What the task asks —
Leave out the pictures and retype exactly the lines from the one with "Herren Basic V-Neck T-Shirt" through the end of the records.

=== Supplied records ===

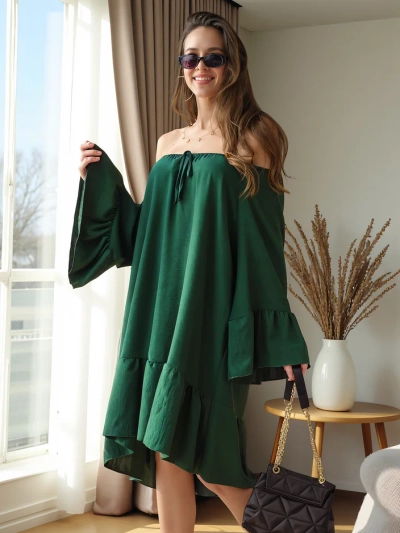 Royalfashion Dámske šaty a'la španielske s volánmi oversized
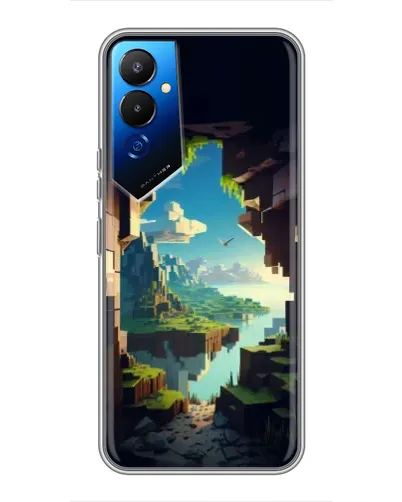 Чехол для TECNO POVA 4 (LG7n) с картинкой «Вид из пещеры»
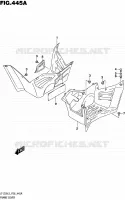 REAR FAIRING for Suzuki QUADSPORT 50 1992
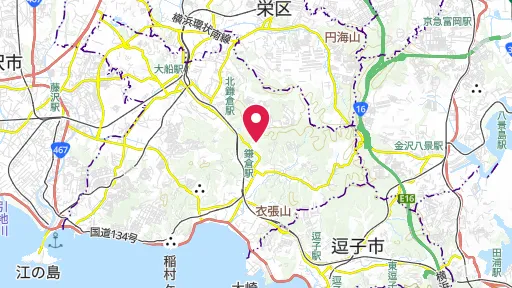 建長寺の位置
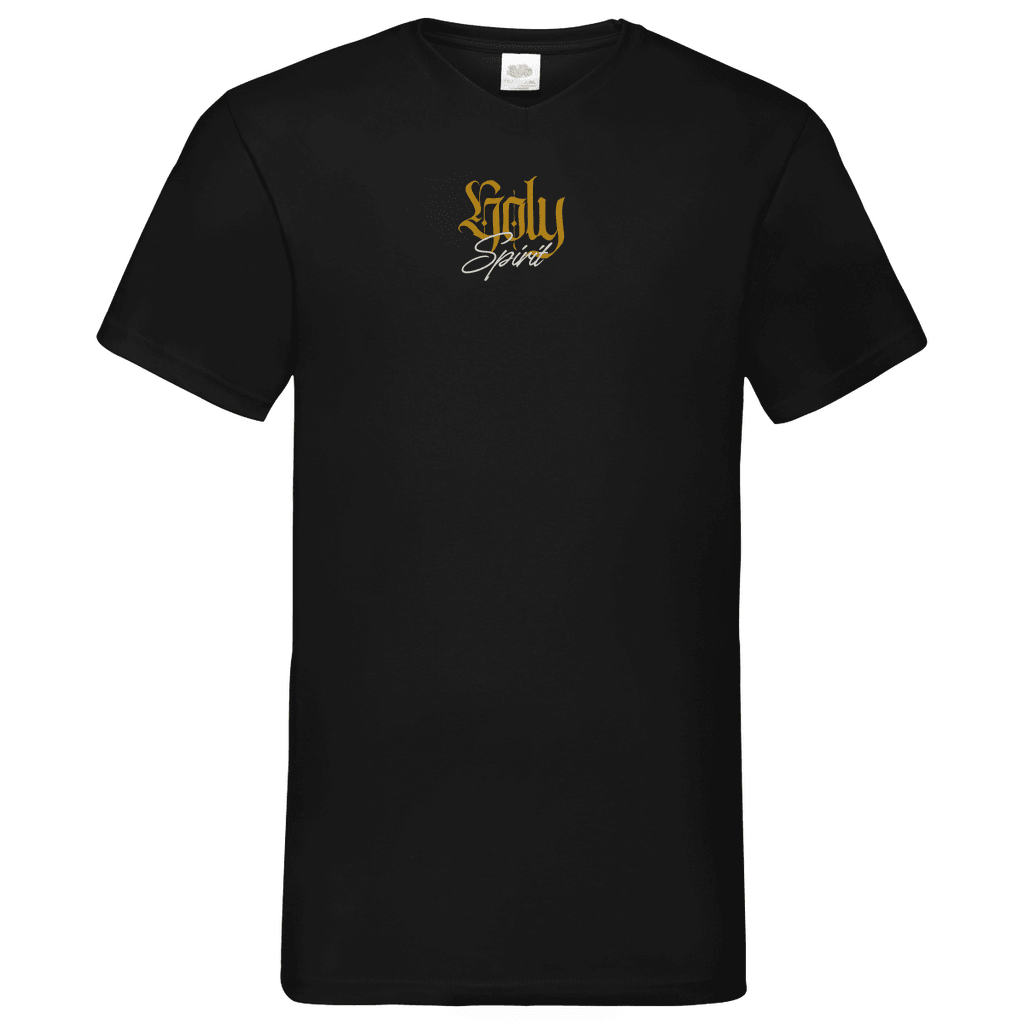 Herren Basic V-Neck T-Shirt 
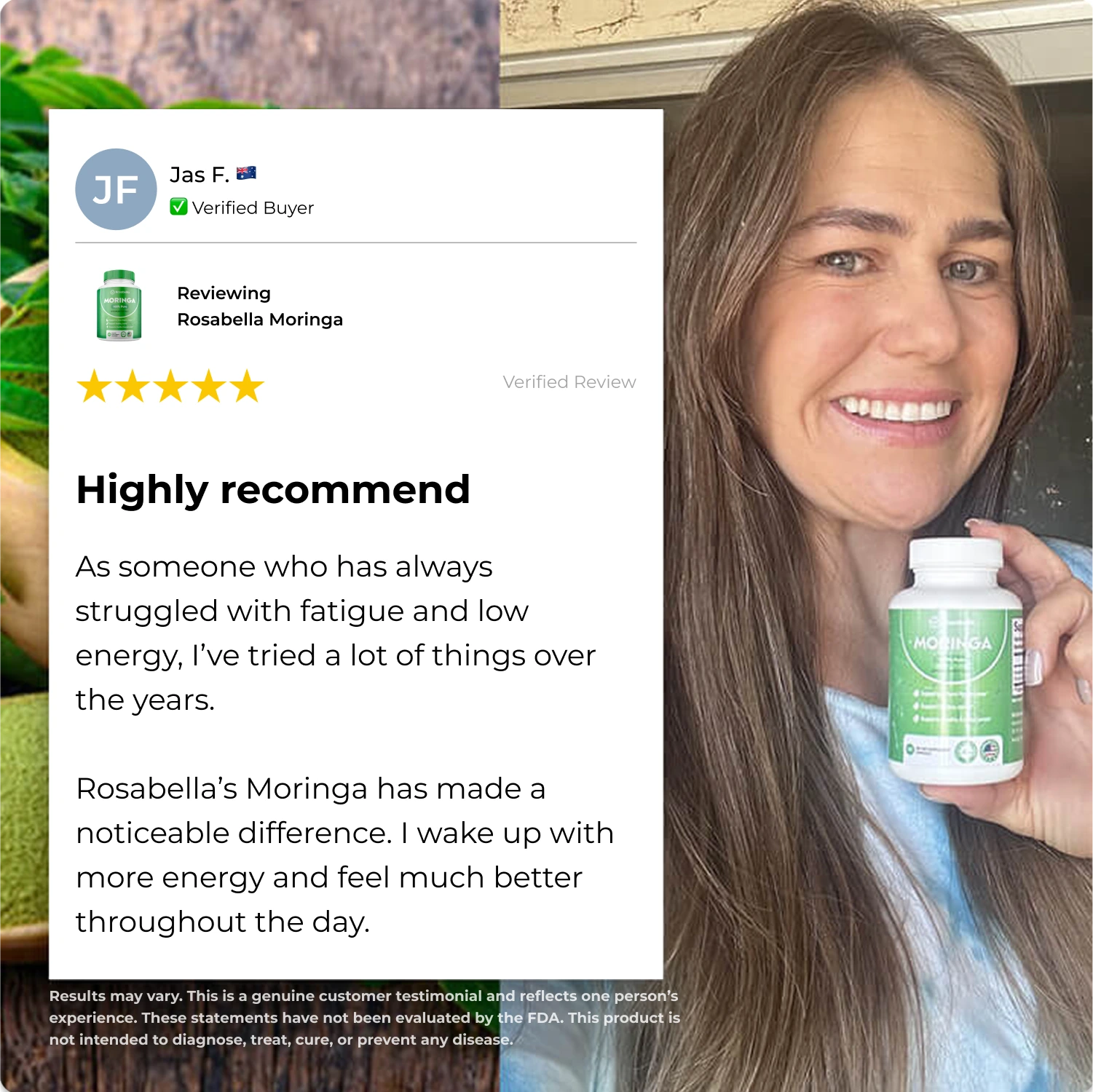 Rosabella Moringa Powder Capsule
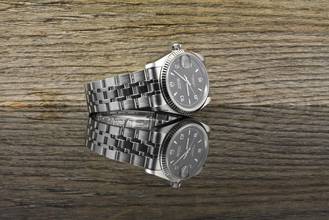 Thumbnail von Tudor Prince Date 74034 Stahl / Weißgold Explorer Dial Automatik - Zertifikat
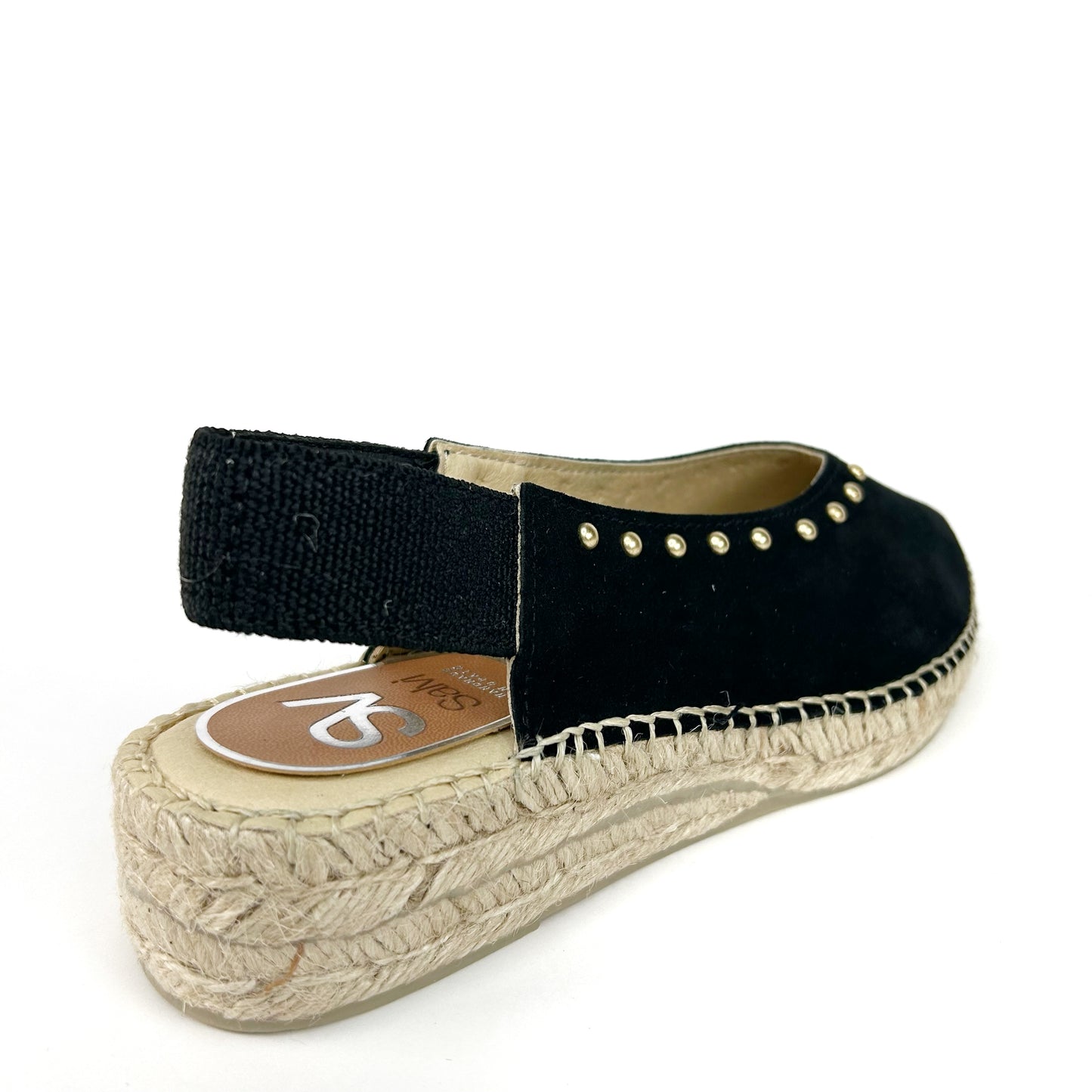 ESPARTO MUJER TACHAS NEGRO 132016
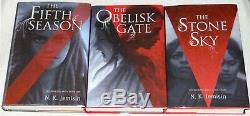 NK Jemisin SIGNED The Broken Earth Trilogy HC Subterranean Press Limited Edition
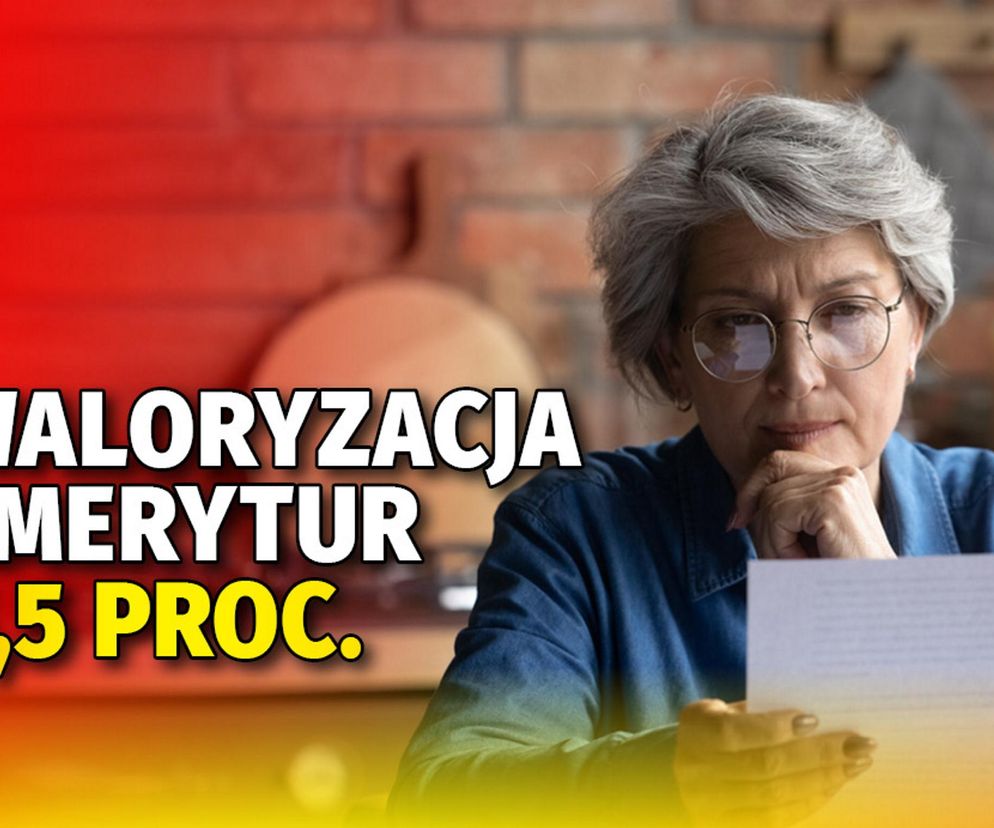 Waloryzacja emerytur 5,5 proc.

===

Solution to this task —
 Herren Basic V-Neck T-Shirt 
 Rosabella Moringa Powder Capsule
 Thumbnail von Tudor Prince Date 74034 Stahl / Weißgold Explorer Dial Automatik - Zertifikat
 ESPARTO MUJER TACHAS NEGRO 132016
 NK Jemisin SIGNED The Broken Earth Trilogy HC Subterranean Press Limited Edition
 Waloryzacja emerytur 5,5 proc.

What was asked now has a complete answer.